== Segment start ==

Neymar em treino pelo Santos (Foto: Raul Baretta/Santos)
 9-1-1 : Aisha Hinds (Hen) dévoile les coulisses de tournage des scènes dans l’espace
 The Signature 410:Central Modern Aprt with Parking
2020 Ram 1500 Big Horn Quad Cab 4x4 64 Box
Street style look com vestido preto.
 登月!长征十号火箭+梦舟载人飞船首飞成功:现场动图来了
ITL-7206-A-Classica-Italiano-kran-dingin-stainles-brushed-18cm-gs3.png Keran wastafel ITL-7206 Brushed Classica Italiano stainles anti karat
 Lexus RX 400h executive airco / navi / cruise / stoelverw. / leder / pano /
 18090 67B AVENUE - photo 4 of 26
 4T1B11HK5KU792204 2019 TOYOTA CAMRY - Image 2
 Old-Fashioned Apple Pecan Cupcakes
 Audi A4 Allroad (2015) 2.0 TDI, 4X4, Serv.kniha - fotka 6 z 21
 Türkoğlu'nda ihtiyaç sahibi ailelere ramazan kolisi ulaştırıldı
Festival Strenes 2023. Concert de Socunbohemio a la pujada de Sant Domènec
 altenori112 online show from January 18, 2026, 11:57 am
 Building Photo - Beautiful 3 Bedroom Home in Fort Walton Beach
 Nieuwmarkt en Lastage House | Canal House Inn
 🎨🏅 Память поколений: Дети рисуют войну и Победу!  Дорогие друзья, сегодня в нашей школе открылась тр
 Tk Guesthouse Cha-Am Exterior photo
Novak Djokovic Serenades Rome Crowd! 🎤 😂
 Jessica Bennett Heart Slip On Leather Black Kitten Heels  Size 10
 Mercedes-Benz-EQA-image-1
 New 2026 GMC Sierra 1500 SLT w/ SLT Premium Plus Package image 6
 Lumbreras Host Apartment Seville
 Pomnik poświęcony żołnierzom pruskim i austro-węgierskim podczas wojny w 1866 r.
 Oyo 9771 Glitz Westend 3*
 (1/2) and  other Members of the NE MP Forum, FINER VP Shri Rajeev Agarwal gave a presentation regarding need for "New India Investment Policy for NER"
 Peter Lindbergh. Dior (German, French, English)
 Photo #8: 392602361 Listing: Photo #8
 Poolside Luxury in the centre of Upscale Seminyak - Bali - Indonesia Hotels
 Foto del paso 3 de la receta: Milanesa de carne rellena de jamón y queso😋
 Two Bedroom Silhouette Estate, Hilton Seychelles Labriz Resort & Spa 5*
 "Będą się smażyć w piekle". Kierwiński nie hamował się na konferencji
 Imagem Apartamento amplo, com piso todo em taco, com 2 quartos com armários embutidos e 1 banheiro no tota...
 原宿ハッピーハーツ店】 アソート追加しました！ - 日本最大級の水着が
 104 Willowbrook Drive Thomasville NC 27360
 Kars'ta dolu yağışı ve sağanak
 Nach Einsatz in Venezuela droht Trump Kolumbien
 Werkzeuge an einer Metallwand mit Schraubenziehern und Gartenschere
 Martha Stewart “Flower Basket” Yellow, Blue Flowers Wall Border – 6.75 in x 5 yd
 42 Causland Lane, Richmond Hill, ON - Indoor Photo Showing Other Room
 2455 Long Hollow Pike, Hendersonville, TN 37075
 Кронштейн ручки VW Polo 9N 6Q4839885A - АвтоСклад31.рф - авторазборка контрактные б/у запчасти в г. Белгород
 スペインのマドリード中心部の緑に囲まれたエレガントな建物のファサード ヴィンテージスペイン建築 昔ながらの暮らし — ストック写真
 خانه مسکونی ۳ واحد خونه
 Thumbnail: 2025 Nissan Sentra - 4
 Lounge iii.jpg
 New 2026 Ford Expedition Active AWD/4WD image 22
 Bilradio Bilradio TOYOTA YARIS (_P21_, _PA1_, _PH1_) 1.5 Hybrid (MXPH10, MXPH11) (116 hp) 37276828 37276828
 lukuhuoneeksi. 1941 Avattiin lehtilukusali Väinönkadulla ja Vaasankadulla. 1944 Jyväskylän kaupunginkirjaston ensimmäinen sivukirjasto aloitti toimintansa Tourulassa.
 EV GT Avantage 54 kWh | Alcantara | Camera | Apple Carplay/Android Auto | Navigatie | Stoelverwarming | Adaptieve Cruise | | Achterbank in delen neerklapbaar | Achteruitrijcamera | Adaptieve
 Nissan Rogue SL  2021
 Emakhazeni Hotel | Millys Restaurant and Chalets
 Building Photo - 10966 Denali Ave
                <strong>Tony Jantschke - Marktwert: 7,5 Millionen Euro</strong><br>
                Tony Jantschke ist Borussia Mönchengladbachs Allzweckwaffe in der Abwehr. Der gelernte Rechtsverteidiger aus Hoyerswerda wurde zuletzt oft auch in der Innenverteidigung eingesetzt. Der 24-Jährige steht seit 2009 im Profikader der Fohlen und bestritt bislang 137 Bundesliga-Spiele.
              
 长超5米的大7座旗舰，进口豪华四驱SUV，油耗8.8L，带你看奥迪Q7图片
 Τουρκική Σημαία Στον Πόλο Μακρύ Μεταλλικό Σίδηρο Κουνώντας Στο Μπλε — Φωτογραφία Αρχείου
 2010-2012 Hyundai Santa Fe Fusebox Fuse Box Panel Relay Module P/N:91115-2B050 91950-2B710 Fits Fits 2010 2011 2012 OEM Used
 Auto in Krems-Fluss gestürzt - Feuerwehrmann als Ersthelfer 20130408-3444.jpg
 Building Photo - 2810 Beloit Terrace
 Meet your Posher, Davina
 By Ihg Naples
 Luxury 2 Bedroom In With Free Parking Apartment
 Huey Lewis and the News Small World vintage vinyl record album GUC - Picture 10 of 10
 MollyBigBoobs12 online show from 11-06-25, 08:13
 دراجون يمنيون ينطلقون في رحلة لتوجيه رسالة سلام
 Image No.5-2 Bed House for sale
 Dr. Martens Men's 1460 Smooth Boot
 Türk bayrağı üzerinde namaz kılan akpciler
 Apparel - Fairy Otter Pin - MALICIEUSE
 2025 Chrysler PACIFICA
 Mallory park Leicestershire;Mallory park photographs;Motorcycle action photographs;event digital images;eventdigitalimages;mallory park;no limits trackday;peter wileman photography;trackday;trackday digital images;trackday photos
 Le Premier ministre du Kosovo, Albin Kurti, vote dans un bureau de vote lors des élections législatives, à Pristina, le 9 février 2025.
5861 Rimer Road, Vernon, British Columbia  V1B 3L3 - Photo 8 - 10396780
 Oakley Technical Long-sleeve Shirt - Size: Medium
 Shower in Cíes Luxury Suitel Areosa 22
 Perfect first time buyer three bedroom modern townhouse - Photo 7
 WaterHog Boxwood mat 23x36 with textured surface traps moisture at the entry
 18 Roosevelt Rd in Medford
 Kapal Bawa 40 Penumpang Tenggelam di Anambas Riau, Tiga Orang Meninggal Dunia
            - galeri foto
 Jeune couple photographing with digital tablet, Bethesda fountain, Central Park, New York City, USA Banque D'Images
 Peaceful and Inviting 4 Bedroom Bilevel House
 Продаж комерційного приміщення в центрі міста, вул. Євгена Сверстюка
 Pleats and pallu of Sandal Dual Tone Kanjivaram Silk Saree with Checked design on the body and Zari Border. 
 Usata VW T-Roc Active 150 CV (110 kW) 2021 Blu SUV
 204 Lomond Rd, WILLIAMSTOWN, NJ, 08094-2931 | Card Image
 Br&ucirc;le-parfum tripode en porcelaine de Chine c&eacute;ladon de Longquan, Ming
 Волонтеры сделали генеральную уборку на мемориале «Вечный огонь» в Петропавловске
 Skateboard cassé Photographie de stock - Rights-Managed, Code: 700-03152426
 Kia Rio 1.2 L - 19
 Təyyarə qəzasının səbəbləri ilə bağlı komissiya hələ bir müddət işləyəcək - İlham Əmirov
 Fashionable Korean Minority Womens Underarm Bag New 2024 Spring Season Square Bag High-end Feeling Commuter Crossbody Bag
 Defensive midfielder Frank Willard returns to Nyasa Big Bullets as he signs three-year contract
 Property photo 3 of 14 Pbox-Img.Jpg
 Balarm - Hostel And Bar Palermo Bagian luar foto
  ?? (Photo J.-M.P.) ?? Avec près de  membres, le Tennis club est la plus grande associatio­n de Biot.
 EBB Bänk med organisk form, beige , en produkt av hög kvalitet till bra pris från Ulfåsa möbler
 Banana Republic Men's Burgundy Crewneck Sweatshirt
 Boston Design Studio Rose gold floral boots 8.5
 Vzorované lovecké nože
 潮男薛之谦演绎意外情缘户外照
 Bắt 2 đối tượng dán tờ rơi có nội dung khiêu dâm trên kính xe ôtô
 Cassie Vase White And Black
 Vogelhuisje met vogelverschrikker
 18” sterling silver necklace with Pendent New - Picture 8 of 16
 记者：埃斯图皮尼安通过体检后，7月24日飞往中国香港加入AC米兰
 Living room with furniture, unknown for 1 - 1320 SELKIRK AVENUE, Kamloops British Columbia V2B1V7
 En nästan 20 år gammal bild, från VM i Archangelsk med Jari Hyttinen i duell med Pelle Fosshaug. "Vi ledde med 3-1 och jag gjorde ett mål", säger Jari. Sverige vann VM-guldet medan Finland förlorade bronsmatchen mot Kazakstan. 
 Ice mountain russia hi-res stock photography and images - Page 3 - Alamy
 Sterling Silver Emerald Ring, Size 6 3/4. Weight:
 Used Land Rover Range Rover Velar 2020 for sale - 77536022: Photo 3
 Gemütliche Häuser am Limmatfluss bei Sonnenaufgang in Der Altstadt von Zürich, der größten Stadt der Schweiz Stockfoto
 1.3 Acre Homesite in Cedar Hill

== Segment end ==

EXERCISE:
Would you output, from the records above, exactly the run of lines that starts at the line containing "MollyBigBoobs12 online show" and ends at the line containing "Pleats and pallu", and only that run?

WRITTEN RESPONSE:
 MollyBigBoobs12 online show from 11-06-25, 08:13
 دراجون يمنيون ينطلقون في رحلة لتوجيه رسالة سلام
 Image No.5-2 Bed House for sale
 Dr. Martens Men's 1460 Smooth Boot
 Türk bayrağı üzerinde namaz kılan akpciler
 Apparel - Fairy Otter Pin - MALICIEUSE
 2025 Chrysler PACIFICA
 Mallory park Leicestershire;Mallory park photographs;Motorcycle action photographs;event digital images;eventdigitalimages;mallory park;no limits trackday;peter wileman photography;trackday;trackday digital images;trackday photos
 Le Premier ministre du Kosovo, Albin Kurti, vote dans un bureau de vote lors des élections législatives, à Pristina, le 9 février 2025.
5861 Rimer Road, Vernon, British Columbia  V1B 3L3 - Photo 8 - 10396780
 Oakley Technical Long-sleeve Shirt - Size: Medium
 Shower in Cíes Luxury Suitel Areosa 22
 Perfect first time buyer three bedroom modern townhouse - Photo 7
 WaterHog Boxwood mat 23x36 with textured surface traps moisture at the entry
 18 Roosevelt Rd in Medford
 Kapal Bawa 40 Penumpang Tenggelam di Anambas Riau, Tiga Orang Meninggal Dunia
            - galeri foto
 Jeune couple photographing with digital tablet, Bethesda fountain, Central Park, New York City, USA Banque D'Images
 Peaceful and Inviting 4 Bedroom Bilevel House
 Продаж комерційного приміщення в центрі міста, вул. Євгена Сверстюка
 Pleats and pallu of Sandal Dual Tone Kanjivaram Silk Saree with Checked design on the body and Zari Border. 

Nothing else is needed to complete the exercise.